Supplied information =>
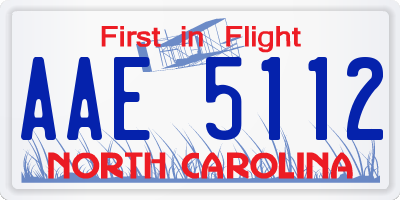 NC license plate AAE5112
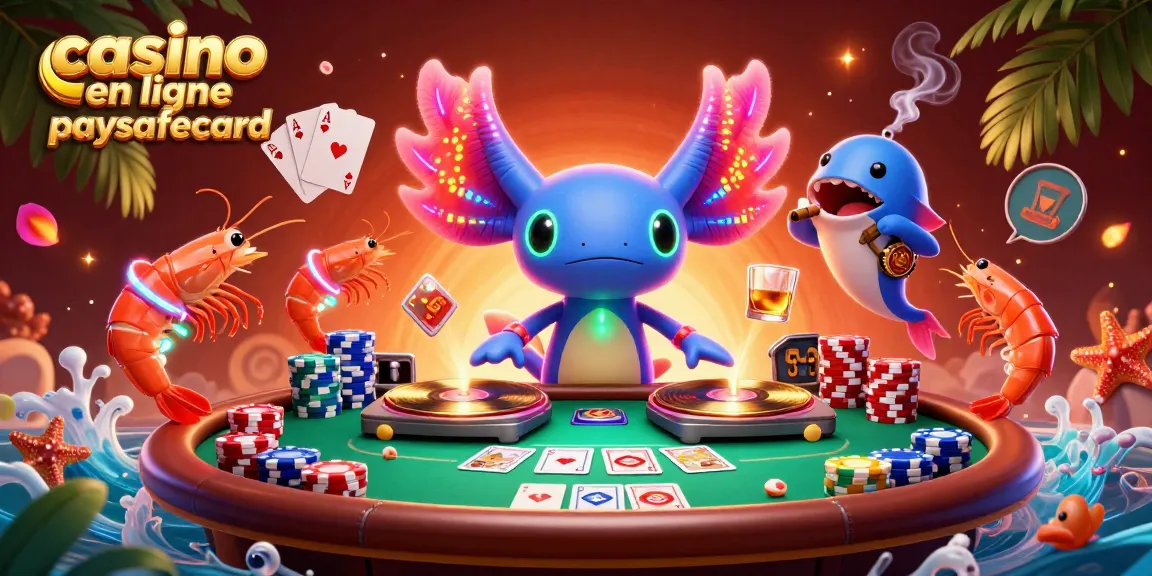 La scène vibrante du casino en ligne paysafecard avec un DJ axolotl et des personnages animés dans une ambiance festive.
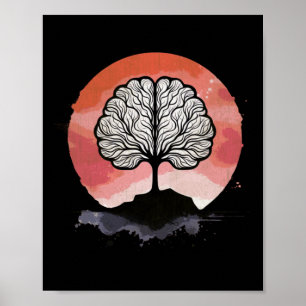Póster Pintura del atardecer del árbol del cerebro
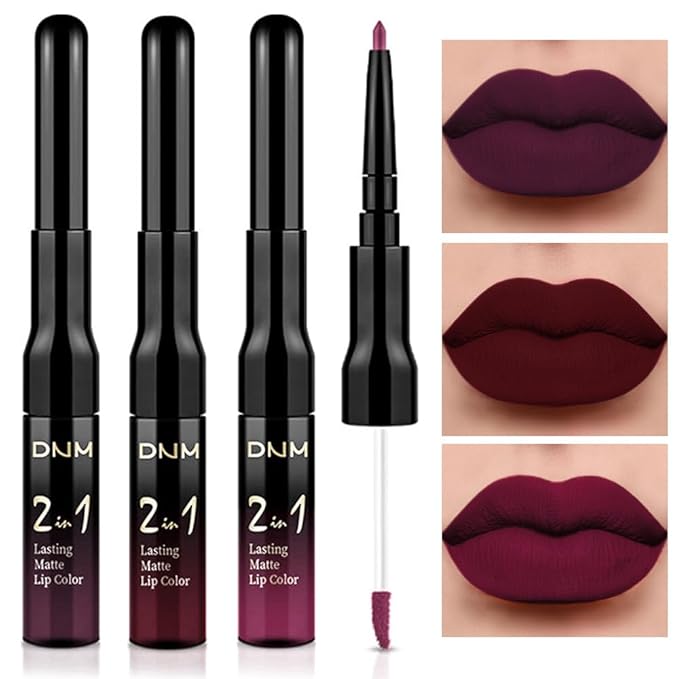 3Pcs 2 in 1 Dark Deep Red Purple Plum Black Cherry Lip Liner and Liquid Lipstick Stain Makeup Set for women, Long Lasting Smudge Proof Lip Tint Matte Finish Lip Gloss for All-Day Color Hold , Set11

Your objective => Reproduce the entire listing above precisely, but keep the images out.

Result for this exercise =>
 NC license plate AAE5112
 La scène vibrante du casino en ligne paysafecard avec un DJ axolotl et des personnages animés dans une ambiance festive.
Póster Pintura del atardecer del árbol del cerebro
 3Pcs 2 in 1 Dark Deep Red Purple Plum Black Cherry Lip Liner and Liquid Lipstick Stain Makeup Set for women, Long Lasting Smudge Proof Lip Tint Matte Finish Lip Gloss for All-Day Color Hold , Set11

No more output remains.